The ability to track the daily production of each cow allows members of the Cooperative Societies of Dairy Producers of Rosario Area Ltd. in Argentina, to sell them at a better price, since the production of their offspring can be guaranteed and supported with many years of information about their ancestors.
Though all computerization projects have a start and an end date, computerization itself, once started, is a project that transforms and improves all the time as requirements, people and technology change. This is called project evolution.
Numerous studies of the impact of computerization have shown that computerization produces two major impacts:
one is felt immediately, which is that processes are expedited or manual procedures are economized.
the second, often more important, occurs several years later. This happens as enterprises learn to organize themselves better, and so become more competitive and make new investments that are enabled by computerization.
Exactly how the project evolves will depend on many factors: you might decide to change the technology or modify the procedures, or maybe expand the system to other areas, or add more services.
Training should be an ongoing process: Technology changes all the time. Continual training will help to keep staff satisfied and reduce their fears of displacement. Businesses that learn how to cope with change and manage it tend to be successful in competitive markets. Those that refuse to change usually fail. This means that the cooperative's training plan should set short-term, midterm, end-of-project, and post-project training objectives.
Upgrading hardware: The expected life of a computer is from 24 to 48 months. Computer technology advances so fast that it is recommended to make some upgrade (improvement) in the equipment at least once a year. As the project evolves, you can buy new faster computers for those persons that will do computing-intense tasks such as reports, graphs, and leave slower computers for others working on accounting, reporting or data entry.
Updating software: The software application will also need to change over time. If you have developed your own software, the most organized way to update the application is to keep a list of desirable changes, cataloguing them into: (1) errors (called bugs) that affect the use of the software and require immediate fix; (2) small corrections that have minimum effect on the system; and (3) desirable changes that add services or improve existing features.
Internet Access: A modern computerization project cannot be sustained if the cooperative does not have reliable Internet access. All software, hardware driver and firmware fixes are delivered through the Internet. An implementation will quickly run into overwhelming system problems without Internet availability.
Sustainability: You have to make sure that there are skilled resources and enough funding available to sustain the project over time. You will need funds to pay for human resources, software, electricity, computer repairs and upgrades. You must try to assess to the maximum extent possible the human and financial resources to maintain the continued operation of a computer project.

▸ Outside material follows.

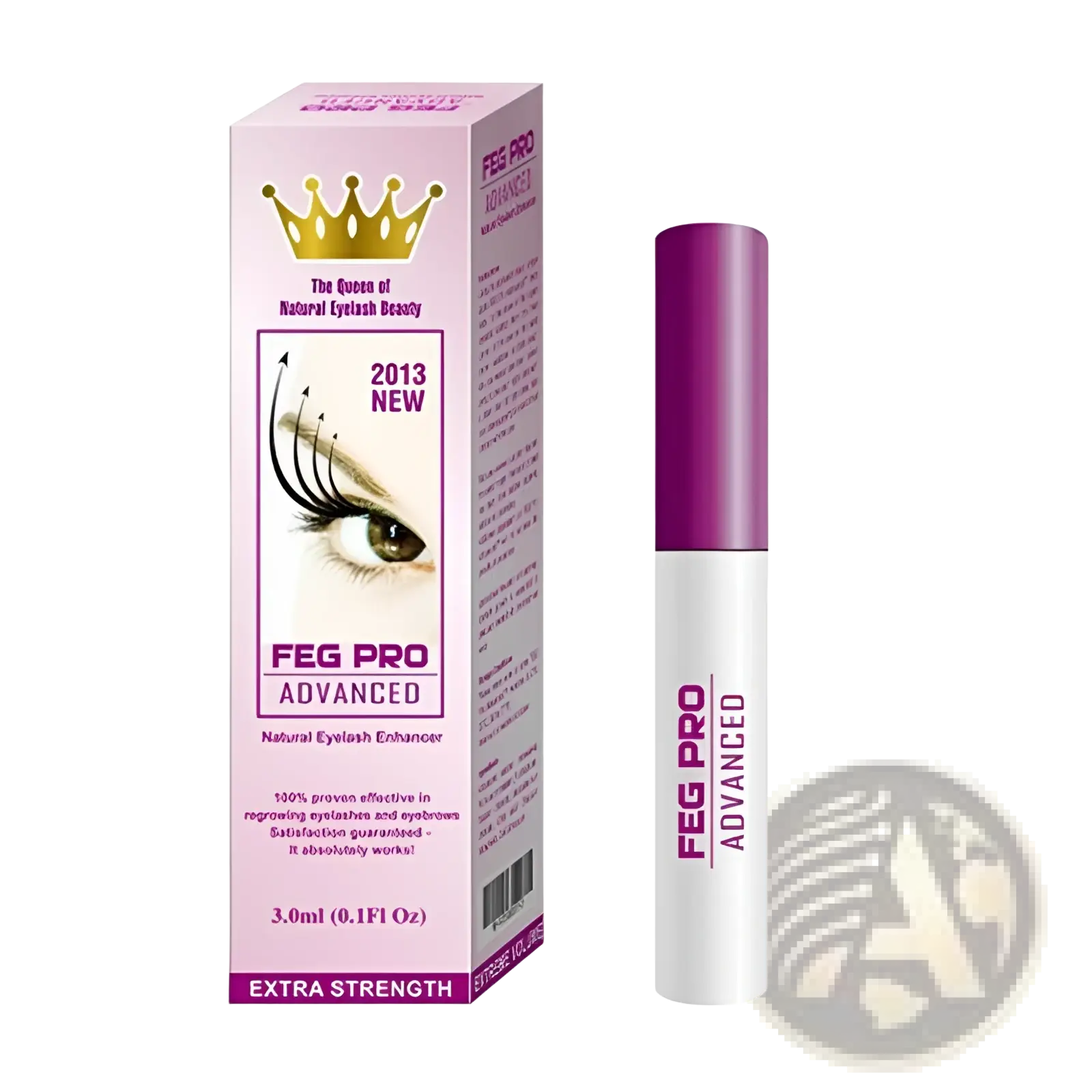 Feg eyebrow enhancer growth serum in white tube with purple cap and pink box featuring gold crown and eye illustration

Since available cooperative funding may vary year to year depending on performance, you are encouraged to take the necessary precautions to build a fund to maintain and replace equipment.
Replication: If you believe your software might be useful to other organizations, you might want to consider selling, renting or sharing the cost of updating the software with them.
Many cooperatives have set up a Web site giving information about their history, business and products. A Web site is easy to install and cheap to design and maintain, giving global visibility on the Internet.